It is indeed redundant.  I am removing it.

> 3. point_sl can return -0.0 and that is a thing that this patch
>    intends to avoid. line_invsl has the same problem.

The existing version of the function has the same issue.  I think we
need a global solution for -0s.  See the float-zero patch.

> 4. lseg_interpt_line is doing as follows.
>
>    >  if (FPeq(lseg->p[0].x, interpt.x) && FPeq(lseg->p[0].y, interpt.y))
>    >    *result = lseg->p[0];
>    >  else if (FPeq(lseg->p[1].x, interpt.x) && FPeq(lseg->p[1].y, interpt.y))
>    >    *result = lseg->p[1];
>
>    I suppose we can use point_pt_point for this purpose.

Yes, I am changing it.

>    >  if (point_eq_point(&lseg->p[0], &interpt))
>    >    *result = lseg->p[0];
>    >  else if (point_eq_point(&lseg->p[1], &interpt))
>    >    *result = lseg->p[1];
>
>    However I'm not sure that adjusting the intersection to the
>    tips of the segment is good or not. Adjusting onto the line
>    can be better in another case. lseg_interpt_lseg, for
>    instance, checks lseg_contain_point on the line parameter of
>    lseg_interpt_line.

Me neither, but it is probably better than returning a point that
extends the endpoints of the segment.  I am inclined to leave it alone
for now.


Re: [HACKERS] [PATCH] Improve geometric types

От
Emre Hasegeli
Дата:
>     ! circle_contain_pt() does the following comparison and it
>       seems to be out of our current policy.
>
>       point_dt(center, point) <= radius
>
>       I suppose this should use FPle.
>
>       FPle(point_dt(center, point), radius)
>
>       The same is true of circle_contain_pt(), pt_contained_circle .

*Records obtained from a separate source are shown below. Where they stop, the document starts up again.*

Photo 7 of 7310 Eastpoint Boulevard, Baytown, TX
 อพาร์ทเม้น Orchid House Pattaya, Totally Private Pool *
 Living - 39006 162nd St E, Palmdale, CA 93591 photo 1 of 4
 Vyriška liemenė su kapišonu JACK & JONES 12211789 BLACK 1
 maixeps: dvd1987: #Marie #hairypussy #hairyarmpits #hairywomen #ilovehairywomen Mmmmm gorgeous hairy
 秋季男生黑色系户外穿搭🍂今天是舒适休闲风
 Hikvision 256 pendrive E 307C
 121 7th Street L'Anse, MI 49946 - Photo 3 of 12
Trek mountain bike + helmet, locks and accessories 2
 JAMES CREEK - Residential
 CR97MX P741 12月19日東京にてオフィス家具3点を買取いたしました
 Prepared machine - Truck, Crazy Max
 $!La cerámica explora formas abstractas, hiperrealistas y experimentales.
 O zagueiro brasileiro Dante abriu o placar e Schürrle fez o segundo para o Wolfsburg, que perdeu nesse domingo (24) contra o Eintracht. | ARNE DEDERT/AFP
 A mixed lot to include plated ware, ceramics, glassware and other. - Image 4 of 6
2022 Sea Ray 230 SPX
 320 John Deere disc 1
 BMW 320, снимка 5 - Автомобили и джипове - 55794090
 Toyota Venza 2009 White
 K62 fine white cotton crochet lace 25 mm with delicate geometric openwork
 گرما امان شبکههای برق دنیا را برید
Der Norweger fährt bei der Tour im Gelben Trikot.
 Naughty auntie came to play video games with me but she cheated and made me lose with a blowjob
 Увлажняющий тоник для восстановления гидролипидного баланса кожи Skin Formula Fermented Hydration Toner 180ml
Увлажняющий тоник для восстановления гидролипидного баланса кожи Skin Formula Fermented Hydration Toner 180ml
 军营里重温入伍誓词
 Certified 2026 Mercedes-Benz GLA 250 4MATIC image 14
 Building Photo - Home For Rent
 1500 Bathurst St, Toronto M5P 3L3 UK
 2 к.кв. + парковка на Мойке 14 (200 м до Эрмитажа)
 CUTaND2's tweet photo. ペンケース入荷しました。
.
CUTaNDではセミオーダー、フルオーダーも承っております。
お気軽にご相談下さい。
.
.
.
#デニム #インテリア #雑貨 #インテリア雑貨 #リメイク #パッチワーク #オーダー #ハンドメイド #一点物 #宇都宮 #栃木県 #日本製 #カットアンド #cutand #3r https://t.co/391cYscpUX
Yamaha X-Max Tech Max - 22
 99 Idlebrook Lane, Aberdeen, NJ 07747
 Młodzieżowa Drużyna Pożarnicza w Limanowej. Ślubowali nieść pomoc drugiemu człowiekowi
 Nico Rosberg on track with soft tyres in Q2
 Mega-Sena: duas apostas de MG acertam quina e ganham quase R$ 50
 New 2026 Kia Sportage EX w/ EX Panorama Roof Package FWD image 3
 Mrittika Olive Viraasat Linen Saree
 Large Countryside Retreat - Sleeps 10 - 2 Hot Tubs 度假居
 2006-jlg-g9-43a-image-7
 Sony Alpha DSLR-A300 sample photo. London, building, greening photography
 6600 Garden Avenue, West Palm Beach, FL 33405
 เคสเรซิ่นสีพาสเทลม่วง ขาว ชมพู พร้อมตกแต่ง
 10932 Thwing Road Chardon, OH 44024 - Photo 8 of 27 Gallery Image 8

box_contain_point() also doesn't use the macros.  They are certainly
inconsistent, but I don't think it would be an improvement to make
them use the macros.  As we have discussed, there are many problems
with the current application of EPSILON.  I think we would be better
off not using the macros for none of the containment operators, but
this is out of my scope for now.

> # Sorry, that' all for today..

I am waiting the rest of your review to post the new versions.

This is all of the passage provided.